Learning Rate Finder (Leslie Smith's Algorithm)
Rather than guessing LR, run a systematic search:
- Start with a very small LR (1e-7)
- Train for one mini-batch, record the loss
- Multiply LR by a constant factor (e.g., 1.1–1.3)
- Repeat for 100–200 steps until loss diverges
- Plot loss vs LR (on log scale)
- Choose the LR at the steepest downward slope - just before the loss starts rising
The LR at the bottom of the curve is often too high (the model is about to diverge). The steepest descent point (roughly 10x smaller than the divergence LR) is the sweet spot.
import torch
import torch.nn as nn
import copy
import math
import matplotlib.pyplot as plt
from typing import Callable
class LRFinder:
"""
Leslie Smith's Learning Rate Finder.
Trains for a range of LRs and records loss.
Use the LR at the steepest decline in the plot.
Reference: Smith (2015), "Cyclical Learning Rates for Training Neural Networks"
"""
def __init__(
self,
model: nn.Module,
optimizer: torch.optim.Optimizer,
criterion: nn.Module,
device: str = "cuda",
):
self.model = model
self.optimizer = optimizer
self.criterion = criterion
self.device = device
# Save initial state - restore after the search
self._model_state = copy.deepcopy(model.state_dict())
self._optim_state = copy.deepcopy(optimizer.state_dict())
self.lr_history: list[float] = []
self.loss_history: list[float] = []
def run(
self,
dataloader,
start_lr: float = 1e-7,
end_lr: float = 10.0,
n_steps: int = 100,
smooth_f: float = 0.05, # exponential smoothing factor
diverge_threshold: float = 5.0, # stop if loss > best * this
):
"""Run the LR range test."""
# Set starting LR
for group in self.optimizer.param_groups:
group["lr"] = start_lr
lr_factor = (end_lr / start_lr) ** (1.0 / n_steps)
best_loss = float("inf")
avg_loss = 0.0
data_iter = iter(dataloader)
self.model.train()
for step in range(n_steps):
try:
inputs, targets = next(data_iter)
except StopIteration:
data_iter = iter(dataloader)
inputs, targets = next(data_iter)
inputs = inputs.to(self.device)
targets = targets.to(self.device)
self.optimizer.zero_grad()
outputs = self.model(inputs)
loss = self.criterion(outputs, targets)
loss.backward()
self.optimizer.step()
# Exponential smoothing of loss
current_loss = loss.item()
avg_loss = smooth_f * current_loss + (1 - smooth_f) * avg_loss
smoothed = avg_loss / (1 - (1 - smooth_f) ** (step + 1)) # bias correction
current_lr = self.optimizer.param_groups[0]["lr"]
self.lr_history.append(current_lr)
self.loss_history.append(smoothed)
if smoothed < best_loss:
best_loss = smoothed
# Divergence check
if smoothed > diverge_threshold * best_loss:
print(f"Loss diverged at step {step}, LR={current_lr:.2e}")
break
# Update LR for next step
for group in self.optimizer.param_groups:
group["lr"] *= lr_factor
# Restore original model and optimizer state
self.model.load_state_dict(self._model_state)
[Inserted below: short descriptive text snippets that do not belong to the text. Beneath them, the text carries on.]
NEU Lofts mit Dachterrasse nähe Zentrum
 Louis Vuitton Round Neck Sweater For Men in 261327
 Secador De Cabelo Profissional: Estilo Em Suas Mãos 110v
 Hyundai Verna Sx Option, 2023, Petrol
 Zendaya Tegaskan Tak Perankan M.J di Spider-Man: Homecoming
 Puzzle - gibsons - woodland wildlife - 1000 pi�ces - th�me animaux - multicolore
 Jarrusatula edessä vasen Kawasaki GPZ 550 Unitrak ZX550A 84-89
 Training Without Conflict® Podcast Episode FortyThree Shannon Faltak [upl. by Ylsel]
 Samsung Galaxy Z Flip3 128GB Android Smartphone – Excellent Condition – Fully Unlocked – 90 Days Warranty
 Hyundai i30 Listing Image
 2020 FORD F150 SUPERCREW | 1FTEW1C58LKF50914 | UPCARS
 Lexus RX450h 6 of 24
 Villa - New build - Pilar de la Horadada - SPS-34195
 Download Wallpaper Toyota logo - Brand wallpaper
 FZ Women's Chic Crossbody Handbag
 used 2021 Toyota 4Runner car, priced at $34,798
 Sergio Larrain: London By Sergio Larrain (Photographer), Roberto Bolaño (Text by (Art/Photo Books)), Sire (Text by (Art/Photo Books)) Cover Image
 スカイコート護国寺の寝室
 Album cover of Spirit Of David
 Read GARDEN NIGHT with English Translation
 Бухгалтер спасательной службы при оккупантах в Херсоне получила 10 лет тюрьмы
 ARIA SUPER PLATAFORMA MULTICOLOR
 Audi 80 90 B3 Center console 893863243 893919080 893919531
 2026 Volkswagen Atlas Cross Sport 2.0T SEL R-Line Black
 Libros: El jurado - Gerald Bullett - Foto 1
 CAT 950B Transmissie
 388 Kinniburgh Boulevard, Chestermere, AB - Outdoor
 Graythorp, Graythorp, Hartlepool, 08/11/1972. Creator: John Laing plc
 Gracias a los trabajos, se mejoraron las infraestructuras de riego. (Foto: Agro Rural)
self.optimizer.load_state_dict(self._optim_state)
return self
def suggest_lr(self) -> float:
"""
Suggest the learning rate at the steepest loss decline.
This is the point of maximum negative gradient of the loss-lr curve.
"""
if len(self.loss_history) < 3:
return self.lr_history[0] if self.lr_history else 1e-3
# Compute numerical gradient of loss w.r.t. log(lr)
log_lrs = [math.log(lr) for lr in self.lr_history]
slopes = []
for i in range(1, len(self.loss_history) - 1):
slope = (self.loss_history[i + 1] - self.loss_history[i - 1]) / (
log_lrs[i + 1] - log_lrs[i - 1]
)
slopes.append((slope, self.lr_history[i]))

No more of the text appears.